Many outsider and folk artists in Canada live in obscurity. There are dozens of accomplished self-taught artists working in Canada that are unknown to the mainstream. In many ways, the condition of obscurity is a condition of capitalism. There are artists and ideas that do not fit into current narratives of profit and therefore are relegated to obscurity. Outsider artists like Maud Lewis and Arthur Villeneuve are two examples of Canadian artists who are no longer obscure because they have been accepted commercially. Saint-Cécile Church, however, has no ability to be accepted into any commercial framework and has stayed in obscurity since its creation. From my perspective, this is not coincidental.
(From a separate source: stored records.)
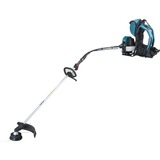 Makita Benzin-Motorsense EM4350RH blau/schwarz, rückentragbar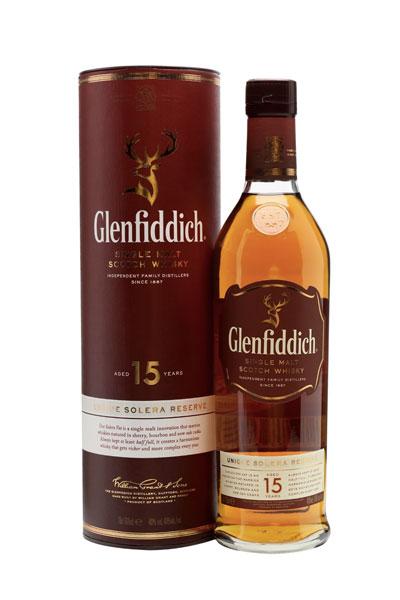 Glenfiddich 15 Years Single Malt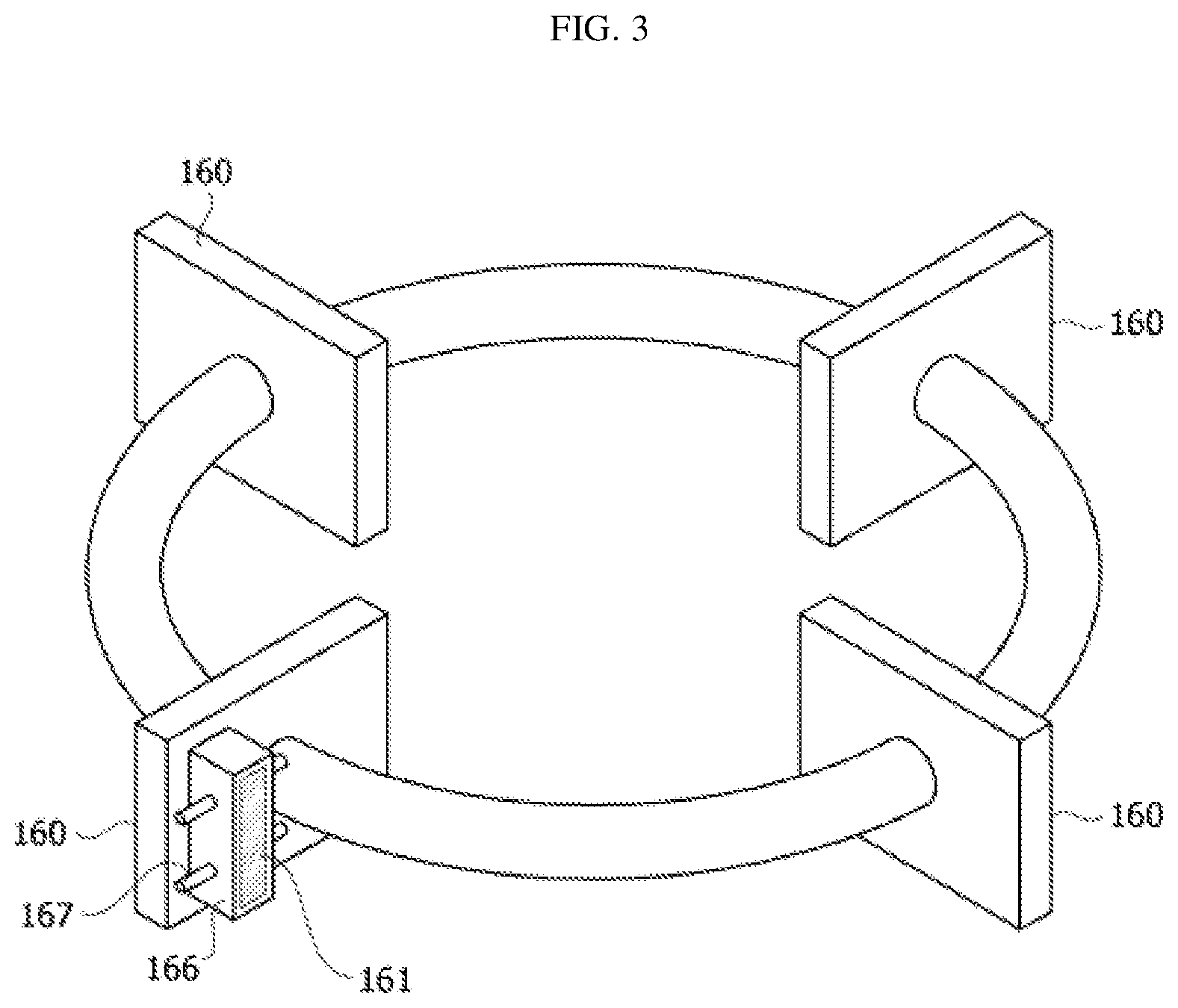 Patent US12497580 Figure 3 – Bioreactor for cell culture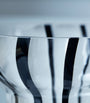 Glass Stripe Vase (42cm)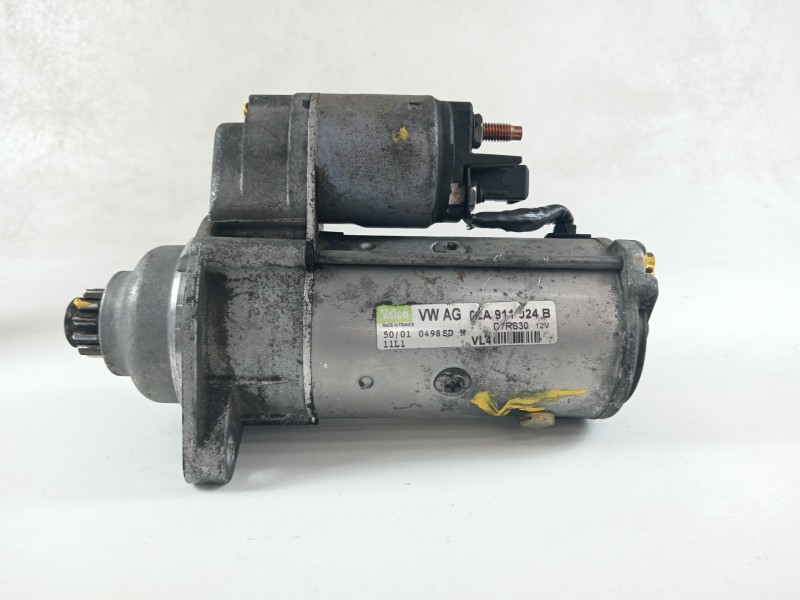 Recambio de motor arranque para seat cordoba berlina (6k2) signo referencia OEM IAM 02A911024B  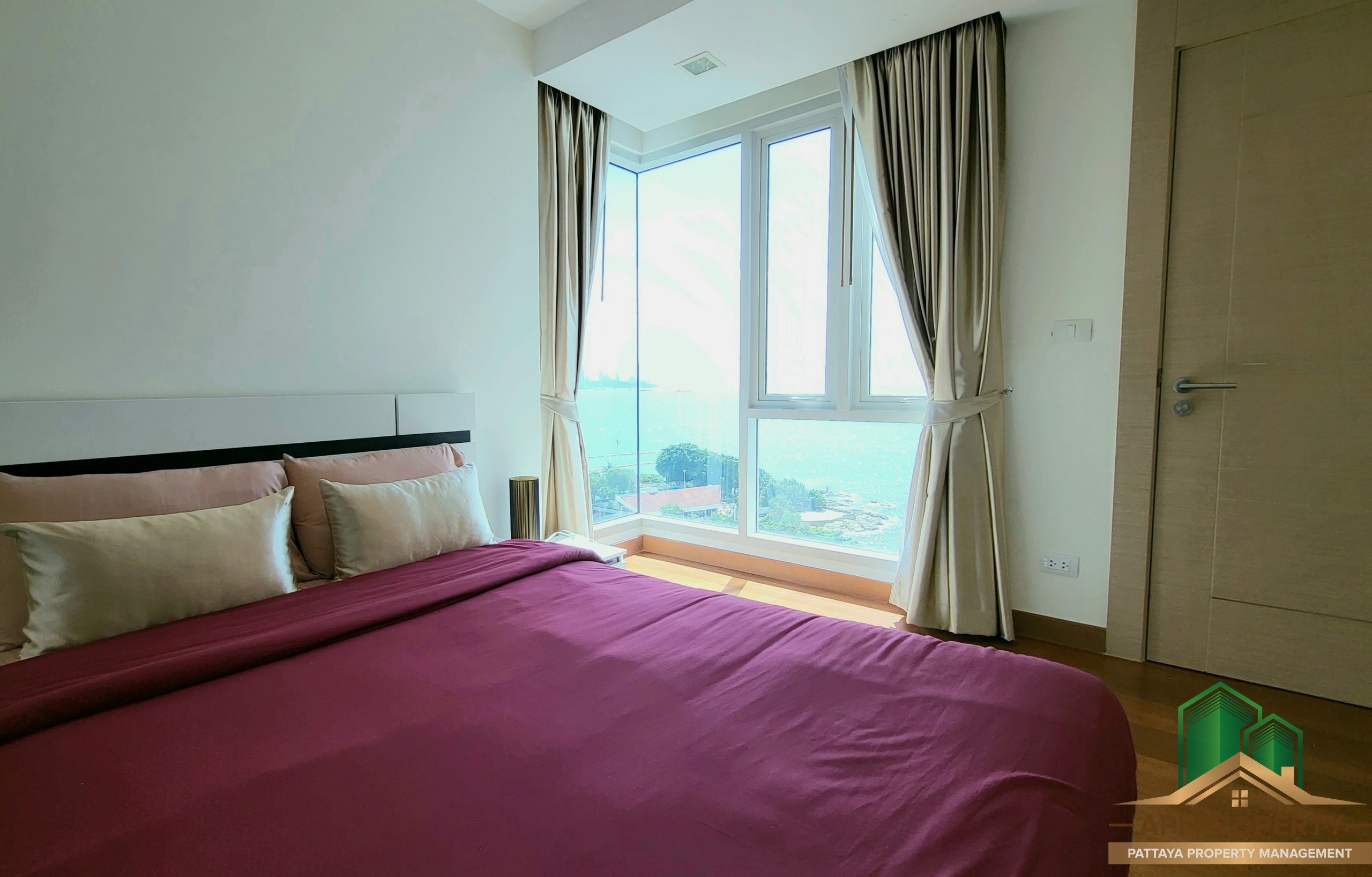 The Palm Wongamat 2 Bedroom Pattaya Thailand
It could be said that the collective obscuring of unschooled artists is a manifestation of our desire to live in a meritocracy. Even though we believe ourselves to be progressive and inclusive, we may adhere to the neo-liberal status-quo equation of hard work and reward and have disdain for anyone who sidesteps the system. We are all so beholden to neo-liberal thinking that the idea of visibility and seeking it has become a very real and innate part of being human. In this day-to-day activity, the people who reside outside of contributions to the current modes of easy consumption are more likely to be disregarded.
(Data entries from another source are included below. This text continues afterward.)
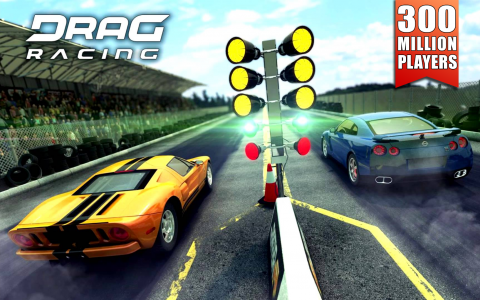 اسکرین شات بازی Drag Racing 4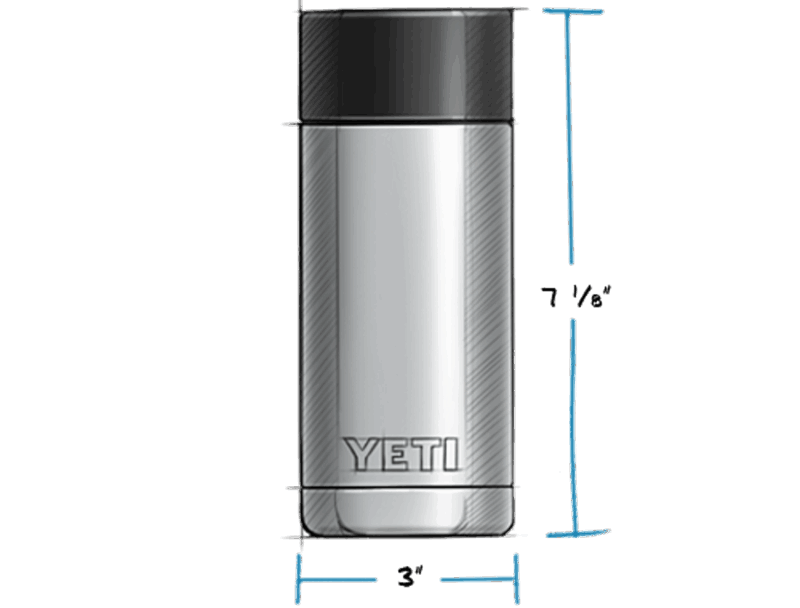 YETI - RAMBLER BOTTLE HOTSHOT CAP – Image 5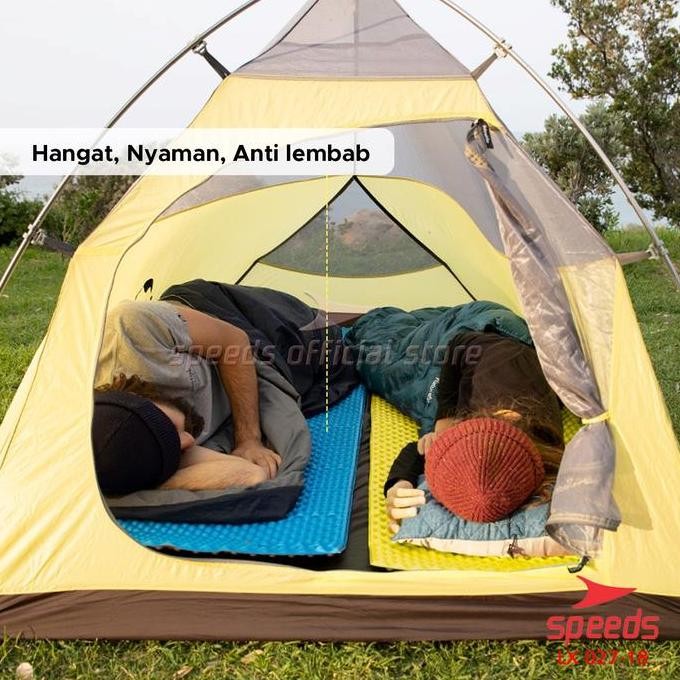 SPEEDS Matras Yoga Foam XPE Matras Lipat Foam Matras Outdoor 027-18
Like the painted houses of Maud Lewis and Arthur Villeneuve, Reverend d’Astous’ painted church was created with private and spiritual motivations as well as commercial concerns (parishioners are customers). Oftentimes, outsider and folk art can be subjected to infantilization where there are expectations of naive purity and sentimentality, with entrepreneurship overlooked or frowned upon. The houses and church exist as symbols of contradictory intentions that coalesce as works of art. In an ideal world, the recognition of the inevitability and value of contradiction can be seen as a remarkable accomplishment if successfully amalgamated. These pieces of idiosyncratic art assist us to accept in ourselves contradiction as a force to be celebrated, whereas the need for a seamless thesis will remain the currency of the insider.